Heavenly Bodies Review
Heavenly Bodies is one of those small, delightful gems of a game that remind me of the powers of the indie marketplace. 2pt Interactive’s physics-based puzzle game is focused, gorgeous and often infuriating. However, using a clear theme and setting to add depth and complexity to what, on the surface, look like simple challenges, Heavenly Bodies reimagines what, and how, a puzzle game can be played.
Heavenly Bodies follows either one or a pair of cosmonauts having to complete a series of tasks in space. The first and most obvious sign that you are in for a good time with Heavenly Bodies is within its art and sound design.
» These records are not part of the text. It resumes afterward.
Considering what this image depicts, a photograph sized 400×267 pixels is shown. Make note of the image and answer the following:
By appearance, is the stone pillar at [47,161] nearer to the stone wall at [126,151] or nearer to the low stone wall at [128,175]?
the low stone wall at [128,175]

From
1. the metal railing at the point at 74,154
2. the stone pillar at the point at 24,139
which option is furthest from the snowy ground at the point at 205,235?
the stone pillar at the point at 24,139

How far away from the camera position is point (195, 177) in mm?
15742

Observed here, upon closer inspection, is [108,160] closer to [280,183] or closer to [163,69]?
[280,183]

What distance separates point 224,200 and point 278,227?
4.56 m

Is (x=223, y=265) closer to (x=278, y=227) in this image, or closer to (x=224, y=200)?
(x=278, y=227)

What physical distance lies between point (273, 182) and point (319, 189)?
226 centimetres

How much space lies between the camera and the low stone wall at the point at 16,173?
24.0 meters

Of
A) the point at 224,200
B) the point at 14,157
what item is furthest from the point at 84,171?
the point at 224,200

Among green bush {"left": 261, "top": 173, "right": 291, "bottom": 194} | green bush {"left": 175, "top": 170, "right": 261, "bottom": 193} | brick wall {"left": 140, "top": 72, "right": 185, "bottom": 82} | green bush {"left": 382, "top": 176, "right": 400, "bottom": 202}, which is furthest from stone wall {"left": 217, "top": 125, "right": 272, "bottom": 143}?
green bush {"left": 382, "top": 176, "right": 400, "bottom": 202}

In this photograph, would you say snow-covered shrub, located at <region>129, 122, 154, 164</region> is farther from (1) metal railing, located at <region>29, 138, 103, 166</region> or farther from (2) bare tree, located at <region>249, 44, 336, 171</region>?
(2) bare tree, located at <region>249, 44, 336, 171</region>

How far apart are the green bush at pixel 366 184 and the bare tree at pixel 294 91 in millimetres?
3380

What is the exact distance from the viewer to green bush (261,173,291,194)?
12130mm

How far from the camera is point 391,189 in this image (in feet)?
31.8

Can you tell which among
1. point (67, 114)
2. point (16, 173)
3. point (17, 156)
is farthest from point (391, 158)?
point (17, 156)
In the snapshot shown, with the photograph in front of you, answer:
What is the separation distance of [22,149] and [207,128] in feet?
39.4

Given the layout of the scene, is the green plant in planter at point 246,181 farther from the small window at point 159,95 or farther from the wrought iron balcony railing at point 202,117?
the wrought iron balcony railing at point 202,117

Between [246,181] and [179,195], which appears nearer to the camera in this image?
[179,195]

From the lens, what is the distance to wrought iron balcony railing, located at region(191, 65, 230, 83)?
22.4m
This gentle, minimalist art design paired alongside an abstract score and cold war UI aesthetic is clean and immediately sets a clear and succinct theming for each of the games various challenges.
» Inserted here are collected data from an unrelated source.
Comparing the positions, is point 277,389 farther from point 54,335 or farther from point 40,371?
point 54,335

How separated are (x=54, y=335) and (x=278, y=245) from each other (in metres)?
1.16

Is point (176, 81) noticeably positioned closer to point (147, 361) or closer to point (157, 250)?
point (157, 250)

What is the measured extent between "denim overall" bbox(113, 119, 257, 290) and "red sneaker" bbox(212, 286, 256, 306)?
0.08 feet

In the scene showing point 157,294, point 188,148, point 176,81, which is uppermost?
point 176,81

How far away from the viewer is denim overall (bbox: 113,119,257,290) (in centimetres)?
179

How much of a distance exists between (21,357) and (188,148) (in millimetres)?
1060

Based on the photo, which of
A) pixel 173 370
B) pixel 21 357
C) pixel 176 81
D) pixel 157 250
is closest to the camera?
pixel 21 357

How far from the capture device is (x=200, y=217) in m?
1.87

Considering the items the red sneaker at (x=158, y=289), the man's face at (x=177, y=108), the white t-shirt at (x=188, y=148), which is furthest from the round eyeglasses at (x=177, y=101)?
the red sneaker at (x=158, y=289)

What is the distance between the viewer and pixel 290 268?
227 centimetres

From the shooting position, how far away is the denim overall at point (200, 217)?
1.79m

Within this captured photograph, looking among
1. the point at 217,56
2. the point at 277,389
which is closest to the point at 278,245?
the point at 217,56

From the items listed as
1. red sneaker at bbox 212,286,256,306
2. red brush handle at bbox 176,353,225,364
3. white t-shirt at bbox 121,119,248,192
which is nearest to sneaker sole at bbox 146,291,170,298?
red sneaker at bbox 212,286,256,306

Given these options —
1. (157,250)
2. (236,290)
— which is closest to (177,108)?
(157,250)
What’s startling about the challenges of Heavenly Bodies, which can be adjusted depending on your own personal needs/desires, is that it doesn’t necessarily come from the puzzles themselves. At the beginning of each of the levels, you are handed a guidebook which, by and large, tells you what you need to do, with the exact instructions to complete each puzzle, presented as what I imagine an Ikea instruction manual in the 70s would have looked like. These directions are clean, succinct and easy to understand. There are other optional challenges scattered throughout each level to busy the mind of the more abstract thinker, but having the core goal spelled out so clearly allows for the true challenge of Heavenly Bodies to stand, or float, on its own two feet.
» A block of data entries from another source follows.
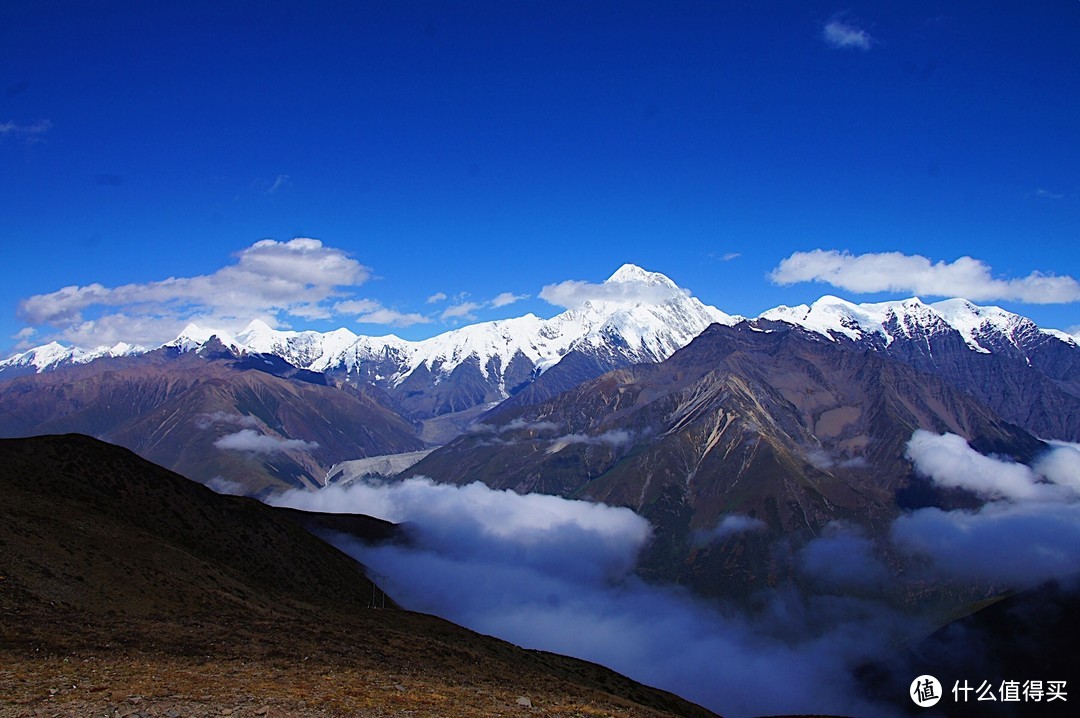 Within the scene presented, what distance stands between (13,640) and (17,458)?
7709 centimetres

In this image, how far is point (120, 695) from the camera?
4997 centimetres

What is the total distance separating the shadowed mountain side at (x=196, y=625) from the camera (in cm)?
5541

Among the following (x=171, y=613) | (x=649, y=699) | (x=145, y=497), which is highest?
(x=145, y=497)

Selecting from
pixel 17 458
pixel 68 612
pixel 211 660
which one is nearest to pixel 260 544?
pixel 17 458

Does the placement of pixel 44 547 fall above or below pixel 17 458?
below

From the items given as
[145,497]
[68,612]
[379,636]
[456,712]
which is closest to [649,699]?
[379,636]

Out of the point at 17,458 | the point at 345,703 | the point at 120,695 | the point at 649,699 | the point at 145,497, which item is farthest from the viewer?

As one would imagine from a game set in space, our Heavenly Bodies float around each level within a gravity-free vacuum. The player has control over the arms, legs and hands of the cosmonaut in a micro-movement mechanics set akin to QWOP or Manual Samuel. But whereas those games lose a lot of their charm past the first 10 minutes of attempts, hanging their hats on the novelty of movement alone, Heavenly Bodies does such a great job of making the micro-mechanics make sense within its world so that said novelty never wears off, in part due to having the aforementioned instructions there for reference at all times.
Like a shooting star
Instead of trying to figure out what obscure MacGuffin you need to manipulate to complete the goal, you know exactly what you need to do. Discovering how you do that is the challenge, and there are many ways to tackle each goal. Instead of fixing a door with a spanner, maybe you could use your inertia to give you enough kinetic energy to jimmy the door with a crowbar? Discovery within a set of clear parameters simultaneously freed me to explore the many avenues of success without ever allowing me to drift too far from the mission. Except when I accidentally ejected myself from the spaceport. I drifted a lot then. Once again, the game has you covered. Stray physically too far from objective and the game will warp you back to your last checkpoint, full in the knowledge of what that lever does now.
Overall, Heavenly Bodies is a triumphant puzzle game. Its setting and premise are novel and excellently executed. The games succinct 5-7 playtime allows the game to not overstay its welcome and the excellent theming gives sensibility to what would otherwise be wholly nonsensical mechanics. Heavenly Bodies is a welcome addition to an already vibrant indie puzzle scene.